Agreed. I was going to suggest getting your head examined. Same difference. Especially if you have the Nikon equivalent of what you want with Canon. It is not the brand of camera that makes photos that sell, it is the photog.

That said, I doubt you are going to work both in commercial, fashion and weddings. Do you intend to run 3 very different marketing campaign at the same time? It could get expensive.

The first thing a pro does is not spend money that doesn't need to be spent. Not exactly what you are doing... it seems to me.


----------



## Robin Usagani (Jun 4, 2011)

Maybe op only had a prosumer old nikon and a kit lens.


----------



## jake337 (Jun 4, 2011)

Schwettylens said:


> Maybe op only had a prosumer old nikon and a kit lens.


 
We should bet on it.

I'll go with, they had a d3000.


----------



## MWG (Jun 4, 2011)

Why o why.

I shoot canon, and now feel "trapped".


----------



## EPPhoto (Jun 4, 2011)

Don't switch...my .02¢

Sent from Erics iPhone!   (2) Nikon D300 50mm 1.4, 17-55 2.8, 70-200 2.8VRII, 24-70 2.8, 85mm 1.4, (2) SB900


----------



## cristhefoxian (Jun 4, 2011)

OP here thanks for all your loving support. I have a D300, D90 as Back up. 50 1.4, 17-55 2.8, 70-210, 60 2.8 Macro.
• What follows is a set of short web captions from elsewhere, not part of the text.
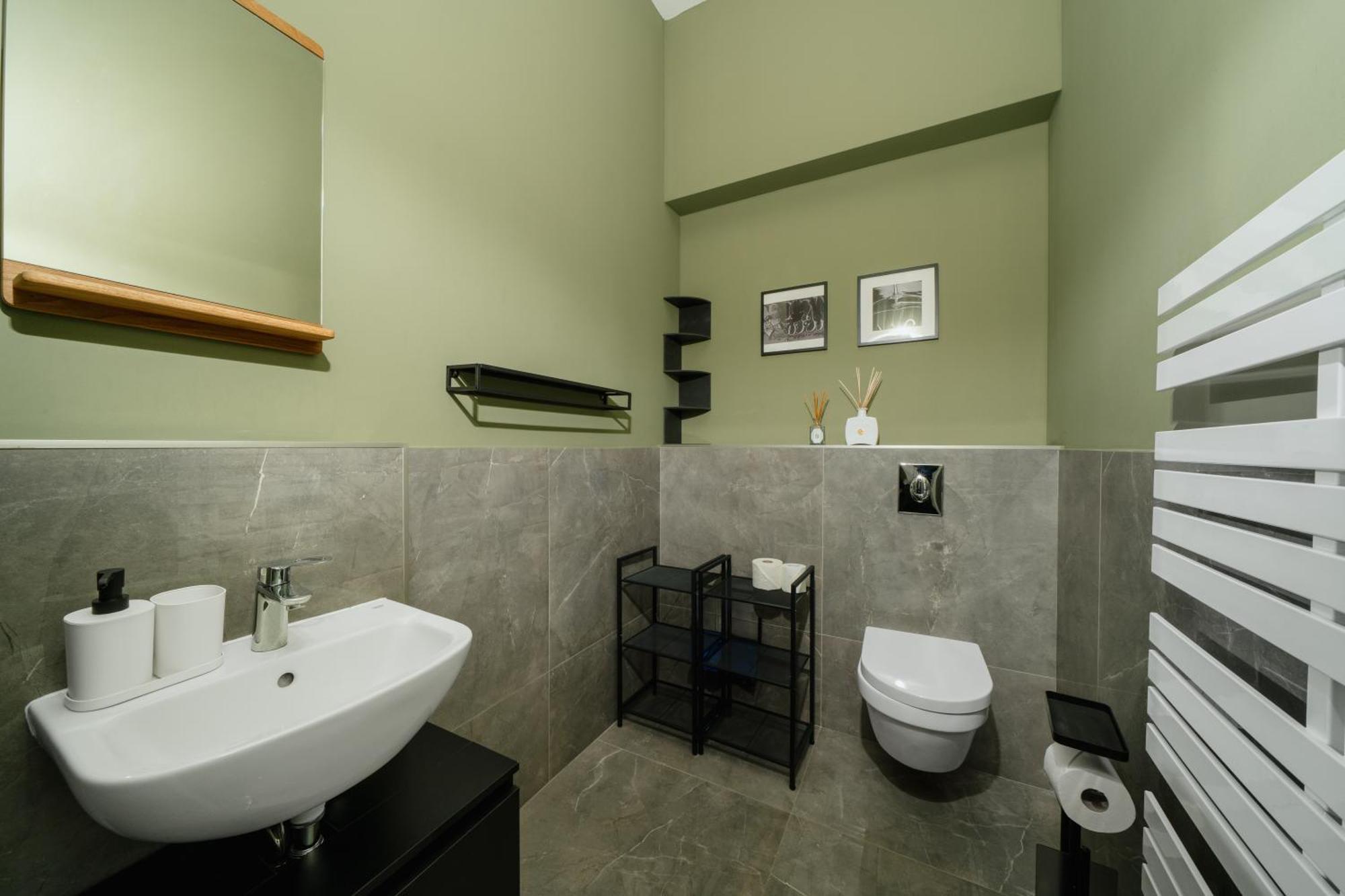 Apartment Homely - Historic Building, 3 Bedrooms, Mauerpark, Family & Business Berlin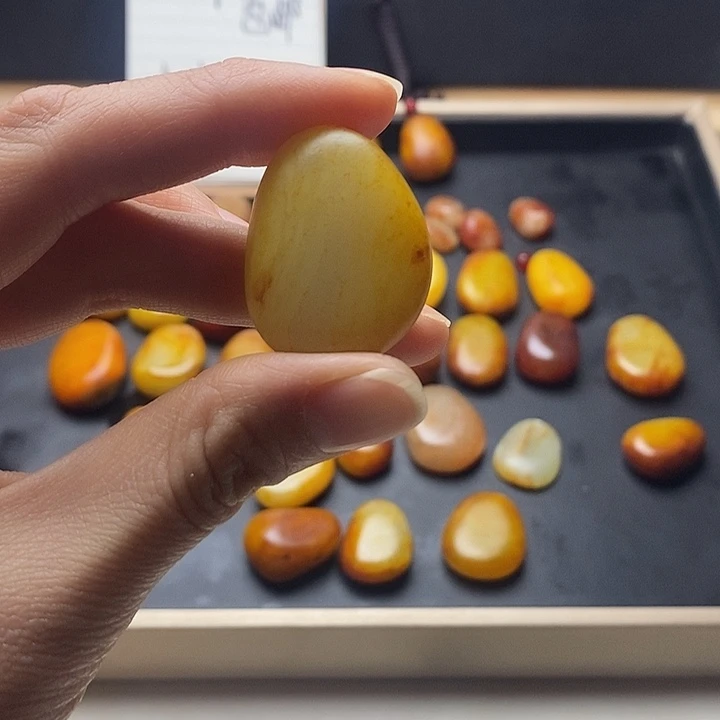 钓***者和田玉（糖玉）未镶嵌珠宝半成品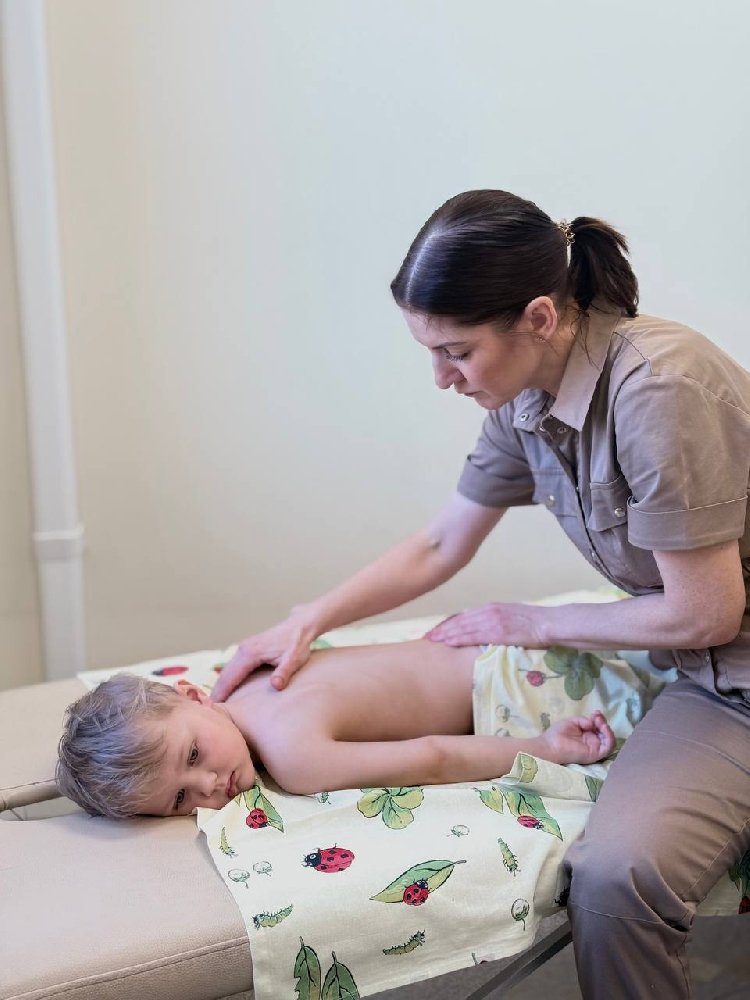 Здоровье в руках профессионала: в нашем саду стартовал курс оздоровительного массажа!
Anyone interested in Buying?


----------



## 2WheelPhoto (Jun 4, 2011)

might go quicker in classifieds


----------



## cristhefoxian (Jun 4, 2011)

MWG said:


> Why o why.
> 
> I shoot canon, and now feel "trapped".


 

why do you feel trapped?


----------



## MWG (Jun 4, 2011)

Trapped by my investment in glass.


----------



## cristhefoxian (Jun 4, 2011)

why not?


----------



## Kerbouchard (Jun 4, 2011)

I find it interesting that you have 5k to spend and you think canon somehow has better image quality, but you are using two consumer Nikons.  Yes, the equipment does matter.  But at the top of the line in either canon or nikon, the differences are almost meaningless, except where Nikon is superior.  Pick up a D3S or even a D700.  The only reason that even remotely makes sense to switch would be if you were more interested in video than photography.


----------



## KmH (Jun 4, 2011)

cristhefoxian said:


> Nikon Shooter switching to Canon What Should I get?


:lmao:  Weddings, fashion, commercial. All very technical. Having to ask what to get implies you don't yet really understand the technical aspects of doing photography.

$5000 isn't a great start, but it's a start. You'll need everything you've listed so far, plus at least one backup camera body. Get the 70-200 that has the IS. 

What's your budget for the lighting and grip you'll need to shoot the fashion and commercial stuff?


----------



## Joshonator (Jun 5, 2011)

You might want to also consider the 135mm f2L lens, I've heard great things about it, if that's a useful focal length to you. 

In addition I doubt anyone has a full frame nikon and equivalent value canon equipment so any opinions stated here are most likely pure dogmatism.


----------



## Psytrox (Jun 6, 2011)

Why would you want to switch to a different brand when you're already used to Nikkon's button and menu setup?


----------



## Mike_E (Jun 6, 2011)

You might also want to get a Catzeye focusing screen for both bodies.  Just sayin.


----------



## camz (Jun 7, 2011)

Really if you're switching to Canon, the first thing you should really do is to get a cool looking avatar like mine.


----------



## Derrel (Jun 7, 2011)

Is this a troll post? Are you serious? This has many of the makings for a wind-up post. New poster. Vague idea of what is needed. Big-time professional aspirations in three wildly different fields. A mere $5,000 budget. Something seems oddly amiss to me.


----------